_Assignment_. Set down each record that follows exactly. Drop the images.

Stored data
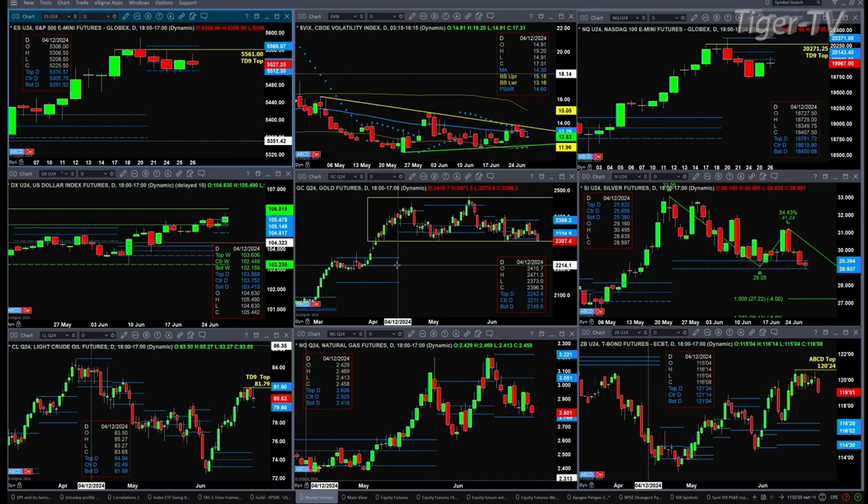We have switched over to the September contract for Silver. Silver is testing the bottom of its profile at $28.93. If Silver were to close the day below $29.05, that would trigger an A-to-B equal CD pattern to the downside. But right now, support is holding.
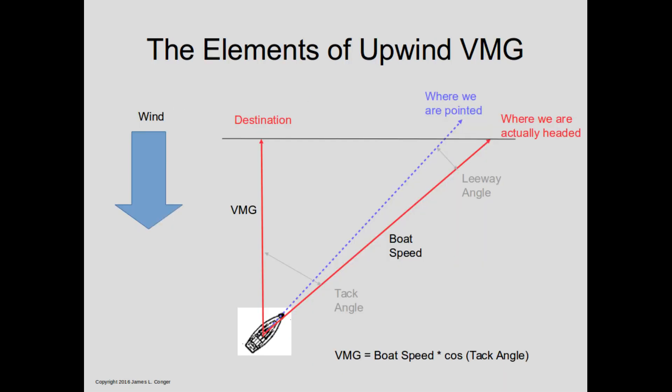You've probably recognized this generic plot of what we mean by velocity made good, or VMG. Boat speed helps VMG as we move through the water quickly, but leeway is our enemy. In very strong conditions, you can't adjust boat speed very much, but leeway can go up radically as the boat starts heeling over. So controlling leeway angle starts becoming the dominant consideration when the wind is really strong.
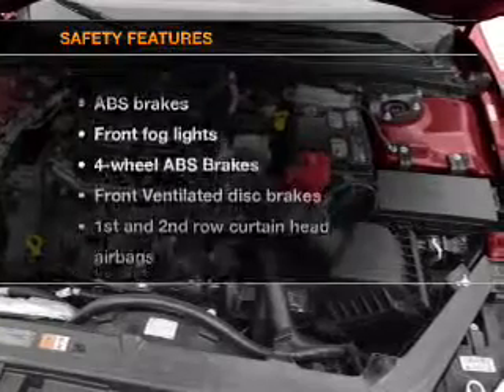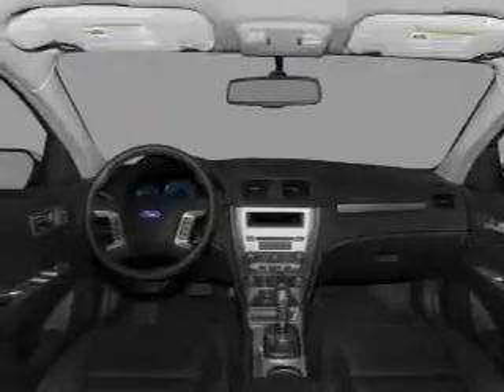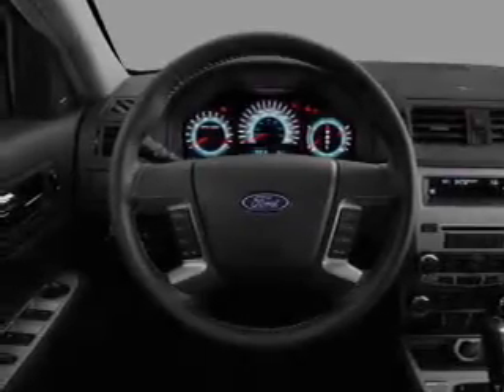If safety is a high priority, rest assured knowing that these top safety components are included: front ventilated disc brakes, curtain head airbags, passenger airbag, side airbag, traction control, stability control, and low tire pressure warning.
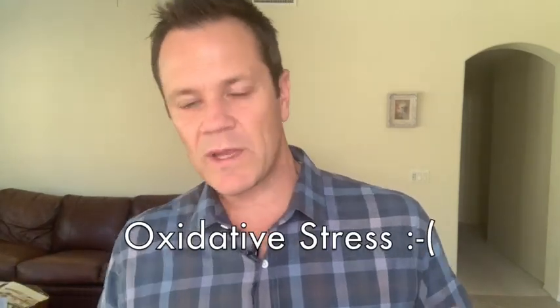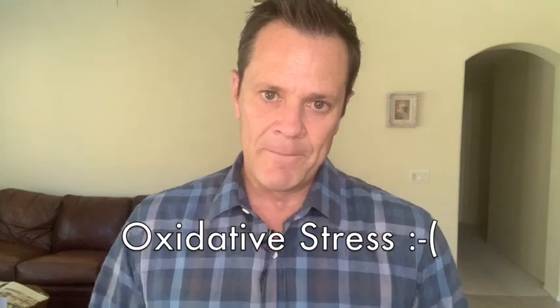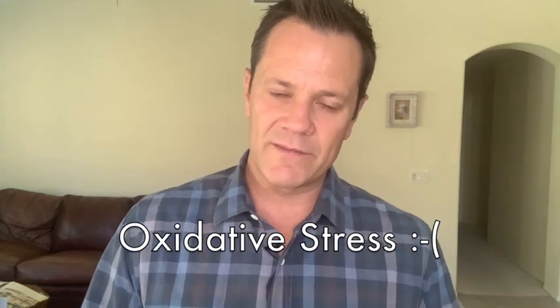That molecule then goes out looking for an electron as well to stabilize itself, and then you have a chain reaction of all these molecules looking for electrons. That's what can be called oxidative stress, and that's what can lead to aging, inflammation, and cancer.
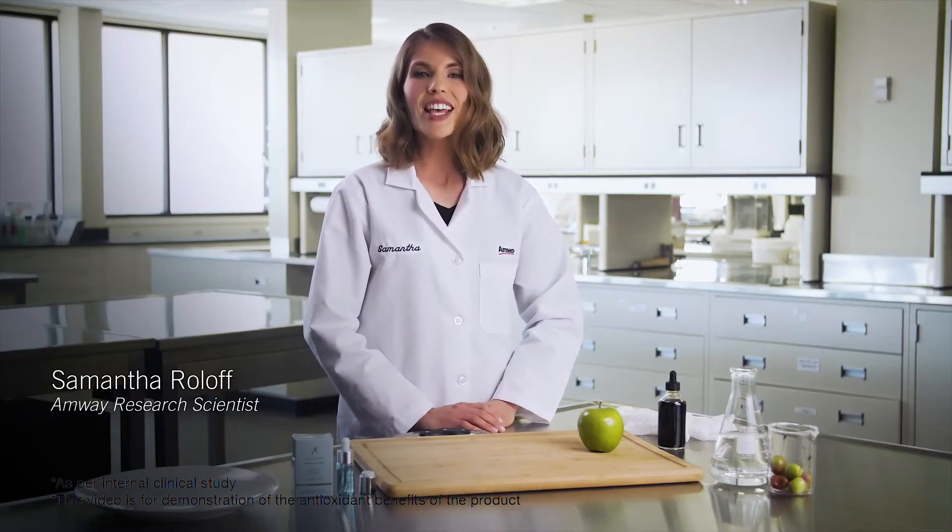Hi, I'm Samantha Roloff, an AMV research scientist that studies antioxidants. Have you seen an apple turn soft and brown? If so, you've witnessed free radical damage firsthand.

_Solution for this task_.
We have switched over to the September contract for Silver. Silver is testing the bottom of its profile at $28.93. If Silver were to close the day below $29.05, that would trigger an A-to-B equal CD pattern to the downside. But right now, support is holding.
You've probably recognized this generic plot of what we mean by velocity made good, or VMG. Boat speed helps VMG as we move through the water quickly, but leeway is our enemy. In very strong conditions, you can't adjust boat speed very much, but leeway can go up radically as the boat starts heeling over. So controlling leeway angle starts becoming the dominant consideration when the wind is really strong.
If safety is a high priority, rest assured knowing that these top safety components are included: front ventilated disc brakes, curtain head airbags, passenger airbag, side airbag, traction control, stability control, and low tire pressure warning.
That molecule then goes out looking for an electron as well to stabilize itself, and then you have a chain reaction of all these molecules looking for electrons. That's what can be called oxidative stress, and that's what can lead to aging, inflammation, and cancer.
Hi, I'm Samantha Roloff, an AMV research scientist that studies antioxidants. Have you seen an apple turn soft and brown? If so, you've witnessed free radical damage firsthand.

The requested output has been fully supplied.